“On-seawater” accelerated aquacatalysis by edible fatty acids: harnessing the remarkable salting-out effect

Abstract

Medium-chain fatty acids (MCFAs) are widely recognized for their metabolic and therapeutic benefits, yet their potential as catalysts for chemical reactions remains elusive. Herein, we report the development of a sustainable aquacatalytic system utilizing MCFAs, particularly caprylic acid, for Brønsted acid-catalyzed carbonyl allylation under “on-water” conditions.

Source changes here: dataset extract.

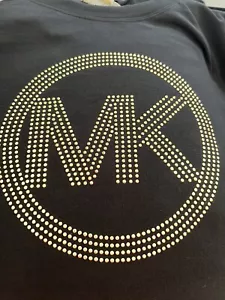 110 $ Michael Kors Damen Größe L Sweatshirt Oberteil Langarm schwarz/gold Nieten Logo - Bild 1 von 13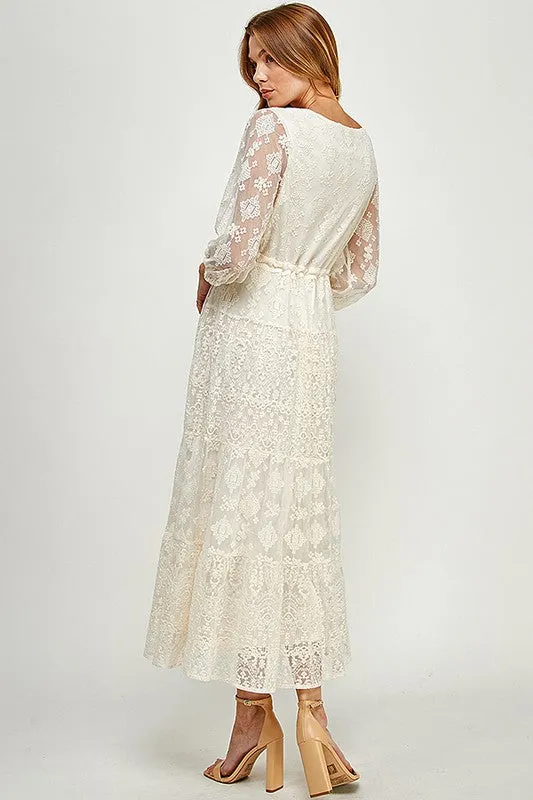 Cream Lace Midi Dress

This approach leveraged the salting-out effect induced by NaCl to suppress micelle formation and enhance interfacial catalysis. By employing unrefined seawater and edible sea salt as cost-effective additives, the system enables the efficient allylation of aldehydes without a catalyst and the caprylic acid-catalyzed allylation of ketones. This reaction is scalable to gram-scale synthesis using a chromatography-free purification process, offering a practical and sustainable route for producing active pharmaceutical ingredients. Furthermore, the mild reaction conditions and compatibility with aqueous media facilitated successful on-DNA allylation, underscoring the potential of DNA-encoded library applications in drug discovery. This study highlights the unprecedented utility of MCFAs as renewable catalysts and establishes a versatile and environmentally friendly platform for aquatic organic transformations.